Documents required for DTAA
To avail of benefits from the DTAA for your tax concessions, submit the following documents:
- Tax Residency Certificate (TRC): Obtain the Tax Residency Certificate from the country you are residing in. It is issued when you submit necessary documents and prescribed fees, and contains basic information such as name, status (individual, company, firm etc.), address, nationality, country, tax identification number in the country of residence, tax status, period for which the tax certificate is issued, etc.
- Self-declaratory cum indemnity form: This form is a declaration by the government of the country you reside in. It contains details such as your account number, country of residence, the period during which the TRC was submitted, tax rate applicable under DTAA, etc.
- Additionally, you are required to submit attested copies of your passport, visa, and PAN.
The process of claiming your refund is simple; let’s take you through the steps:
Steps to file for an IT refund
1. Collect your documents
Collect all the relevant documents needed to file your return. These include your PAN, passport, and bank details. Form 26AS provides you with necessary details of the TDS deducted during the year. In addition, Form 16 would determine your TDS if you are a salaried individual. You would also need details of income earned from the head ‘Income from other sources’ such as interest income and TDS certificates.
2. File the IT return
- Go to the e-filing portal (https://portal.incometaxindiaefiling.gov.in) and log in with your user ID (your PAN) and password.
- Download the ITR form applicable to you – either ITR-2 or ITR-3, depending on the nature of the income you are receiving in India. If you have a business income, you will be required to file ITR-3. In case there is no business income, ITR-2 would be applicable.
- Fill in the basic details and then click on the 'Pre Fill' button.
- Enter all relevant data and click on 'Calculate' to determine your tax and interest liability.
- Once you have filled all relevant details click 'Validate' by entering the one-time password (OTP) sent to your registered number.
- Generate and save the XML file. Save this file on your computer.
- Revisit the portal and upload the saved XML file. Add your Digital Signature (DSC) to it. (Digital Signature is used to electronically sign documents and forms)
Related: A dummy's guide to form 26AS
3. Verify your return
After you have filed your IT return you will be required to verify it. Once you have uploaded the XML file, a form known as ITR-V will be generated. This form is for the purpose of verification, so download it. You can also receive this form on your email address from the IT Department.
Once you upload the ITR with DSC, your filing is complete. Alternatively, you can print a copy of the form, sign it, and submit the ITR-V within 120 days from the date of e-filing to the Centralised Processing Centre (CPC) at the following address: CPC, Post Bag No 1, Electronic City PO, Bengaluru 560 100, Karnataka.

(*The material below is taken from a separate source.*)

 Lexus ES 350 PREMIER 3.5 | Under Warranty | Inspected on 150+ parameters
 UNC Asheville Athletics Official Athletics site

Once your form has been received by the IT department, your return will be processed.
You need not worry about excess TDS deducted by your employer. You can claim it by filing an IT return. You just need to be aware of the TDS deductions applicable to you, depending on the various incomes you receive. As an NRI, you also have to conform to the tax laws of two countries at once, which may increase your tax liability.
Fortunately, if you reside in a country with which India has a DTAA, you can reduce your tax liability to an extent. So keep yourself updated about the information mentioned above.